Hallo N.,
wie schon angedeutet, ist das keine Frage von „Marken“. Inhaber von Marken handeln mit Tee, sie erzeugen ihn nicht. D.h. sie kaufen ihn auf dem Weltmarkt, wobei sowohl die nachgefragte Menge als auch der Marktpreis in aller Regel keinen Verzicht auf Pestizide zulassen - das würde die Ertragsmenge reduzieren und sich entsprechend ungünstig auf das Verhältnis Deckungskosten (das ist die Summe sämtlicher ausgabenwirksamen Kosten) zu Erntemenge auswirken. Das muss erst einmal über einen entsprechend erhöhten Preis aufgebracht werden, den nur ein Teil der Kundschaft überhaupt bereit ist, aufzubringen. Da dieser Teil der Kundschaft nicht sonderlich groß ist, ist er für die großen Marken nur von begrenztem Interesse.
Glücklicherweise ist das eine Marktnische, die immerhin noch groß genug ist, um von kleineren Anbietern bedient zu werden. Allerdings: grundsätzlich ist Misstrauen angebracht, wenn Ware angeboten wird, deren Bio-Qualität nicht von einer unabhängigen, vertrauenswürdigen Stelle zertifiziert ist. Womit wir bei den Bio-Siegeln wären und der Frage ihrer Vertrauenswürdigkeit. In China (weltweit mit Abstand der größte Produzent von Grüntee) gibt es einige Bio-Siegel. Sie gelten nicht alle als vertrauenswürdig, angeblich nehmen es einige Zertifizierer mit der Kontrolle nicht sonderlich ernst, so lange die Kasse stimmt.

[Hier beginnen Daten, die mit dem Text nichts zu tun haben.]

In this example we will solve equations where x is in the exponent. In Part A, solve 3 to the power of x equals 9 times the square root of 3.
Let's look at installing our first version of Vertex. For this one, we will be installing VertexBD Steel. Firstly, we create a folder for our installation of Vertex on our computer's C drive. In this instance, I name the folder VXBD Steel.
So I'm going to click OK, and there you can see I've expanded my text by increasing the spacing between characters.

Aus diesem Grund gibt es auch Händler in Deutschland, die Tee mit europäischem bzw. deutschem Bio-Siegel anbieten (das deutsche Siegel zeigt übrigens keinen ‚Mehrwert‘ an, es darf halt zusätzlich zum europäischen geführt werden). Streng genommen ist damit allerdings nicht die Ware, sondern der Händler bzw. Importeur zertifiziert. Was bedeutet das Siegel nun konkret?
Grüntee wird aus Nicht-EU-Ländern, sog. Drittländern, importiert. Wenn Importe aus Drittländern als Ökoprodukt vermarktet werden sollen, dann müssen im Land der Produktion Vorschriften und Kontrollmaßnahmen implementiert sein, die mit den einschlägigen EU-Rechtsvorschriften gleichwertig sind. Das ist zunächst einmal bei sog. anerkannten Drittländern der Fall - sie finden sich in Anhang III der VO (EG) Nr. 1235/2008. China ist da nicht dabei, dafür aber Indien.

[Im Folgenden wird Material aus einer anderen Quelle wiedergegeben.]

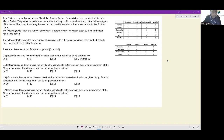Let's look at this solution. Total six friends named Jasmine, Meher, Chandrika, Danin, Era, and Farida visited an ice cream festival in Lulu Mall in Kochi. They won a lucky draw for the festival and could get one free scoop of the following types of ice creams: chocolate, strawberry, butterscotch, and vanilla.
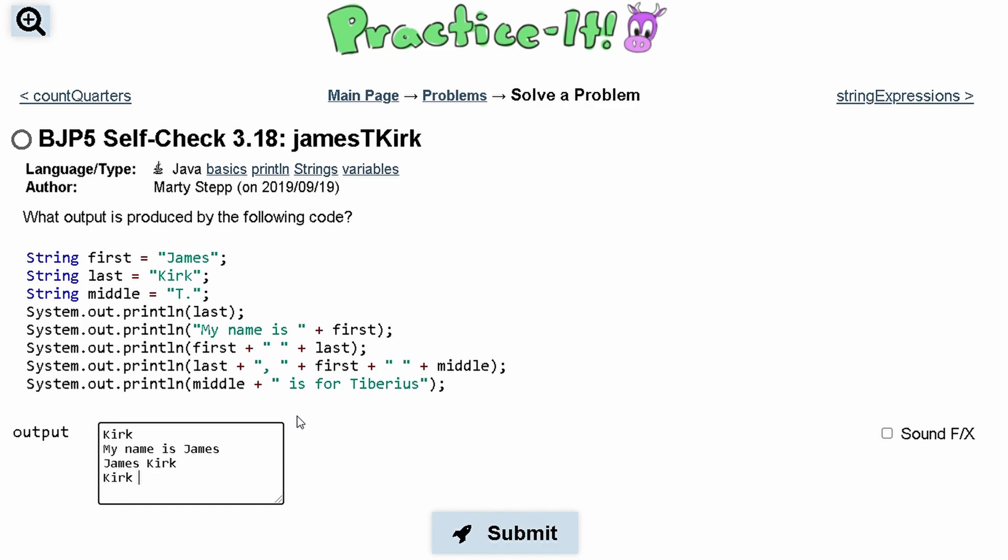Then the next line we have Kirk, a comma, then the first name, which is James, then a space, and then the middle initial, which is T.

Bei nicht anerkannten Drittländern muss die dortige (vom Produzenten natürlich bezahlte) Zertifizierungs-Agentur (Drittlands-Kontrollstelle) durch die EU-Kommission zugelassen sein - die zugelassenen Kontrollstellen wiederum finden sich in Anhang IV der o.g. EU-Verordnung. Der Exporteur des Grüntees (Du liest richtig, nicht die Drittland-Kontrollstelle) stellt dann eine Kontrollbescheinigung für die Einfuhr von Erzeugnissen aus ökologischer Landwirtschaft / biologischem Landbau in die Europäische Gemeinschaft gem. Anhang V unserer famosen EG-Verordnung aus. Der Importeur wiederum gibt eine Kopie davon an seinen eigenen Zertifizierer - eine einheimische, private Ökokontrollstelle, die den Import registriert (den sie nicht notwendig auch überprüft hat). Das Original der Kontrollbescheinigung geht an den Zoll - die spielen da ja auch noch mit. Außerdem überprüft der Importeur (! auch hier: nicht seine Zertifizierungsstelle) die Ware (Wareneingangsprüfung), stellt darüber eine Kontrollbescheinigung aus und sendet diese zurück an den Exporteur, der sie als Nachweis für seine eigene Kontrollstelle braucht. Wie und ob er z.B. nach Pestizidrückständen sucht, bleibt ihm überlassen. In aller Regel hat er gar nicht die Möglichkeit, dies zu tun, sondern müsste das an ein Labor outsourcen. Was - zusätzlich zu den Kosten für die Zertifizierungsstellen - nicht gerade wenig kostet.
Jedenfalls - dann erhält die Ware eine Öko-Kontroll-Nummer (die findet man auf der Verpackung) und darf mit dem EU-Bio-Logo und auf Wunsch zusätzlich mit dem Deutschen Bio-Siegel gekennzeichnet werden. Wasserdicht ist das alles wirklich nicht, aber derzeit das Beste, was man hierzulande kriegt.